Let's have a quick check:

Cases[neweqfinal, _[z], Infinity] // Union
(* {w[z], w'[z], w''[z], w'''[z], w''''[z], Derivative[5][w][z], 
 Derivative[6][w][z], Derivative[7][w][z], Derivative[8][w][z]} *)

Cases[icfinal, _[1/2], Infinity] // Union
(* {w[1/2], w'[1/2], w''[1/2], w'''[1/2], w''''[1/2], Derivative[5][w][1/2], 
 Derivative[6][w][1/2], Derivative[7][w][1/2]} *)

So it seems that, after elimination we obtain a eighth order ODE with 8 i.c.s, NDSolve should be able to handle it.

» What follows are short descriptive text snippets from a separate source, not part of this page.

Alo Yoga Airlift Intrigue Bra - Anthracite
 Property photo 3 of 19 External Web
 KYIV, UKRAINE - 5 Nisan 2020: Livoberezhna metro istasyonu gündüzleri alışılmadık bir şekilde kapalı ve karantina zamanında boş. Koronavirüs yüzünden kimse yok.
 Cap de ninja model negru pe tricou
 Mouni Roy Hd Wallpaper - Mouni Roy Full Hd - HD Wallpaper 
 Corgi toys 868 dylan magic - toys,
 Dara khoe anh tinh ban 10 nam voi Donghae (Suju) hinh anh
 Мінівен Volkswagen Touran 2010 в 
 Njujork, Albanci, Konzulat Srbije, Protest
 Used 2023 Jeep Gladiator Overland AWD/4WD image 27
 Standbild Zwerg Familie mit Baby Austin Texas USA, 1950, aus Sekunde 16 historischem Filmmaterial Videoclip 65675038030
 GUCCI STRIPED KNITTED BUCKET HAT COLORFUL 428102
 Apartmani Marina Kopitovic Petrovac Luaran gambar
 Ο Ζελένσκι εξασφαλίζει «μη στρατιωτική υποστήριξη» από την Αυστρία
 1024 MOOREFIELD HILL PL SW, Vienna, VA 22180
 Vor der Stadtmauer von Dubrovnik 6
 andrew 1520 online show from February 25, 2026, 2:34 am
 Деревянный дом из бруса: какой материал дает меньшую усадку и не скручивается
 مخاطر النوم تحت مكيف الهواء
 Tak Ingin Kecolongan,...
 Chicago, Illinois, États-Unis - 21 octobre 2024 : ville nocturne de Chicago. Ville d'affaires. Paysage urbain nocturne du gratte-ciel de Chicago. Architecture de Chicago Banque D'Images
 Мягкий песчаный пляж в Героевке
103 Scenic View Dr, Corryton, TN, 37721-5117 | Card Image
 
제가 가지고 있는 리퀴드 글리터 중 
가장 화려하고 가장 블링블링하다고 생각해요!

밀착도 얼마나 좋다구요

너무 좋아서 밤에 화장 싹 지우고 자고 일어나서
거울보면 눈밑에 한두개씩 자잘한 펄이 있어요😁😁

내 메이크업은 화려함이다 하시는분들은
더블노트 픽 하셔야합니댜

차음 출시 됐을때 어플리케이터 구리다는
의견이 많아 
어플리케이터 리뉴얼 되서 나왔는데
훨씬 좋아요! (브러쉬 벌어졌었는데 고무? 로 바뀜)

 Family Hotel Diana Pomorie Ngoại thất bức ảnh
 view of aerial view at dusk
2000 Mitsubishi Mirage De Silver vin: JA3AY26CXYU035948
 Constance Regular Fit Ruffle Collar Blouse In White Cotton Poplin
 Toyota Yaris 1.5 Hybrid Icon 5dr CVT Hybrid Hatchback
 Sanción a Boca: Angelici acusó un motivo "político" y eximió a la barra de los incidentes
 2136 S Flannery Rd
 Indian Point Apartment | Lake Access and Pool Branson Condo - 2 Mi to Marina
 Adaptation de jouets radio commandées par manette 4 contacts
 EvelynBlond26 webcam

And it can indeed handle it:

Ra = 10^3; k = 1; λ = 1;

solw = NDSolveValue[{neweqfinal, icfinal}, w, {z, -1/2, 1/2}, 
    InterpolationOrder -> All]; // AbsoluteTiming

Clear[solu, solT, solTp]

{solu[z_], solT[z_], solTp[z_]} = {u[z], T[z], Tp[z]} //. rule /. w -> solw;

ReImPlot[{solu[z], solT[z], solTp[z], solw[z]}, {z, -1/2, 1/2}]

enter image description here

The solution looks different from Alex's, I'm not immediately sure about reason.


Starting from the system used by Alex, we can obtain the same result using the method above. Notice w'[1/2]==0 is removed because it's redundant in this method:

Clear[du, ddu, dddu, dT, Ra, k, λ]
eqs = Simplify[{w'[z] == w1[z], 
     k^2 T[z] + λ (-1. k^2 u[z] + du'[z]) - 
       0.842615 Sqrt[1/Ra] (k^4 u[z] + dddu'[z] - 2. k^2 du'[z]) + (
       17.4421 (-1. k^2 u[z] + k^2 w[z] + du'[z] - 1. w1'[z]))/Sqrt[Ra] == 0., 
     ddu'[z] == dddu[z], du'[z] == ddu[z], 
     u'[z] == du[z], λ w[z] == (218.027 (u[z] - 1. w[z]))/Sqrt[Ra] + 
       84.2615 Sqrt[1/Ra] w'[z], λ T[z] + (18.0529 (T[z] - 1. Tp[z]))/Sqrt[
       Ra] + (-0.0863887 2.71828^(-4.22949 (0.5 - 1. z)) - 
          0.101592 2.71828^(3.59656 (0.5 - 1. z))) u[z] - (
       1.18678 (-1. k^2 T[z] + dT'[z]))/Sqrt[Ra] == 0., 
     T'[z] == dT[
       z], -((53.3319 (T[z] - 1. Tp[z]))/Sqrt[
        Ra]) + λ Tp[
         z] + (0.015203 2.71828^(-4.22949 (0.5 - 1. z)) - 
          0.015203 2.71828^(3.59656 (0.5 - 1. z))) w[z] - 
       84.2615 Sqrt[1/Ra] Tp'[z] == 0.}] // Rationalize[#1, 0] &;
ics = {u[1/2] == 0, du[1/2] == 0, ddu[1/2] == 1 + I, dddu[1/2] == 1 + I, 
       T[1/2] == 0,dT[1/2] == 1, w[1/2] == 0, Tp[1/2] == 0};    
rule2 = Solve[
     Most@eqs, {u, T, Tp, du, ddu, dddu, dT, w1}[z] // Through][[1]] /. (h_[z] -> 
      rhs_) :> (h -> Function @@ {z, rhs});   
neweqfinal2 = Last@eqs //. rule2;   
icfinal2 = ics //. rule2 // Simplify[#, {Ra > 0, k > 0}] &;
Ra = 10^3; k = 1; λ = 1;   
solw2 = NDSolveValue[{neweqfinal2, icfinal2}, w, {z, -1/2, 1/2}, 
    InterpolationOrder -> All, WorkingPrecision -> 16]; // AbsoluteTiming    
{solu2[z_], solT2[z_], solTp2[z_]} = {u[z], T[z], Tp[z]} //. rule2 /. w -> solw2;    
ReImPlot[{solu2[z], solT2[z], solTp2[z], solw2[z]}, {z, -1/2, 1/2}]
ics //. rule2 /. w -> solw2
(* {True, True, True, True, True, True, True, True} *)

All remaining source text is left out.